Mousse au chocolat
"Madame Julia n'aime pas le prénom Julie, mais Madame Karen continue de l'appeler ainsi," dit Bella, son corps délicat tremblant de rire, tout comme le mien, alors qu'elle partageait l'histoire de la bataille entre les deux femmes.
"Karen est une vraie sauvage !" commentai-je, quelque peu fière de son audace même à son âge.
"Elles sont toujours en train de s'arracher les cheveux, et le pauvre Monsieur King, lui, se retrouve écrasé entre elles. C'est tellement drôle à regarder."
Mon sourire se crispa à la mention de Monsieur King. "Oui." Pauvre, mon œil !
Bella m'aidait à décharger mes valises et à ranger les vêtements dans le placard. La guerre entre Julia et Karen était certainement hilarante à regarder, comme Bella l'avait dit. Je ne devrais pas prier pour cela, mais j'avais vraiment hâte de voir plus de cette comédie guerrière. Mes yeux se tournèrent vers elle alors qu'autre chose me traversa l'esprit.
"Parle-moi de Hunter."
L'atmosphère de la pièce se refroidit, et le visage de Bella pâlit alors que sa main se serra autour de ma chemise pliée. "I-il est tellement effrayant, je me cache chaque fois que je le vois."
En mettant la dernière robe dans le placard, je fermai la porte et la regardai, les sourcils froncés.
Elle continua, "Un jour, il a failli tuer une domestique qui avait accidentellement renversé du café sur lui."
Mes yeux s'agrandirent. "Quoi ?"
"Oui ! Si ce n'était pas pour Monsieur Matthew, il aurait tué la pauvre fille," dit-elle, l'horreur remplissant ses yeux, peut-être en se rappelant la scène.

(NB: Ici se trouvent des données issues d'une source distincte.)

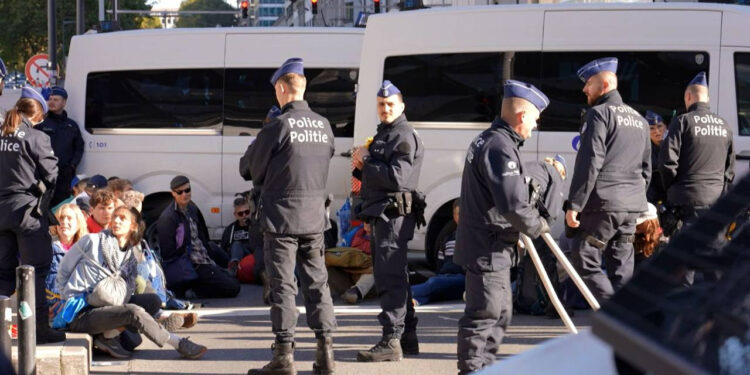 Greta Thunberg, Brüksel'de Gözaltına Alındı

Des frissons me parcoururent la nuque. Dans quoi me suis-je embarquée ?
Le lendemain matin, je me réveillai tôt et décidai d'aller à la salle de sport pour évacuer un peu de stress. Enfilant une brassière de sport noire et un pantalon de yoga, je nouai mes cheveux en queue de cheval et courus jusqu'à la salle de sport. Dès que j'entrai, une voix masculine profonde atteignit mes oreilles, me stoppant net.
"...256, 257, 258..."
Mes yeux se posèrent sur la silhouette élancée au sol, ses paumes appuyées soulevant son corps nu de haut en bas. Les muscles de ses bras se contractaient à chaque mouvement tandis que les veines ressortaient sous sa peau lisse et soyeuse. Ma mâchoire faillit toucher le sol alors que les nombres comptés s'enregistraient dans mon esprit. Il ne semblait même pas essoufflé.

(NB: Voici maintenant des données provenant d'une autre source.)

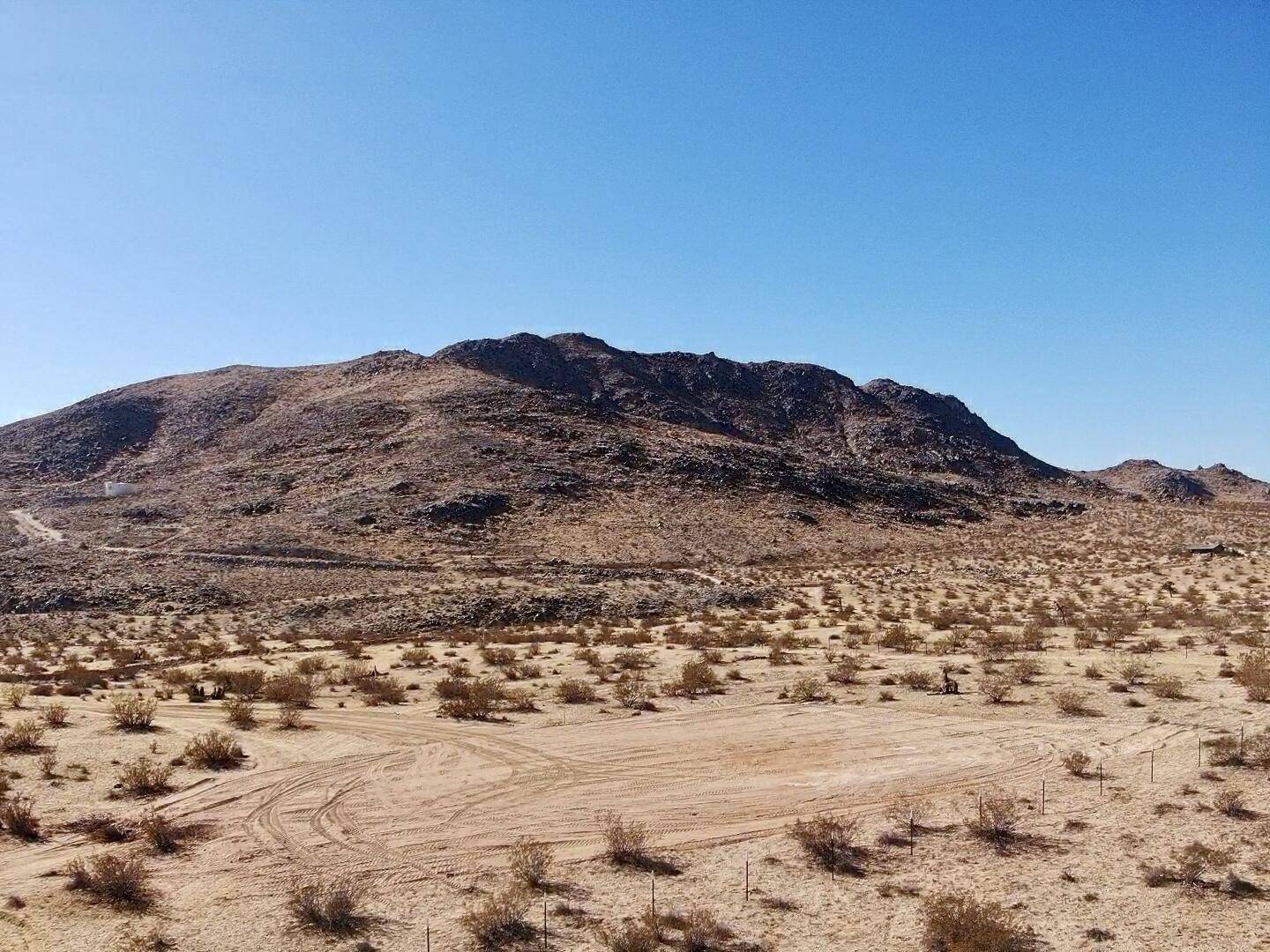 Joshua Tree, CA 92252,3734 Outpost RD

Ces derniers temps, ma bouche reste souvent ouverte. Espérons qu'elle garde sa forme.
"Tu apprécies la vue ?" murmura une voix derrière moi.

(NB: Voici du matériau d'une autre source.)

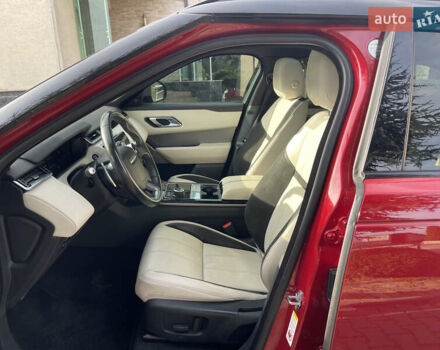 Червоний Ленд Ровер Рендж Ровер Велар, об'ємом двигуна 2 л та пробігом 133 тис. км за 34490 $, фото 49 на Automoto.ua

Je sursautai, un cri de surprise quittant ma bouche, et me retournai. Karen se tenait là, ses lèvres retroussées en un sourire narquois et ses sourcils se levant et s'abaissant. Mes joues chauffèrent. "N-non j-je faisais juste euh... de l'exercice !"
Elle laissa échapper un rire. "Bien sûr ! Viens !" Elle avança, et honteuse, je la suivis.
Hunter inclina la tête, nous regardant, puis se redressa sur ses pieds. Si mon cœur était sur un manège avant, maintenant il était sur des montagnes russes. Je regardai la sueur couler le long de son visage sculpté, de son torse ciselé jusqu'à ses abdominaux parfaitement toniques et disparaître dans son pantalon le long de la ligne sombre de ses poils. Je pris une inspiration aiguë, tellement tentée de passer ma main sur chaque centimètre de cette peau.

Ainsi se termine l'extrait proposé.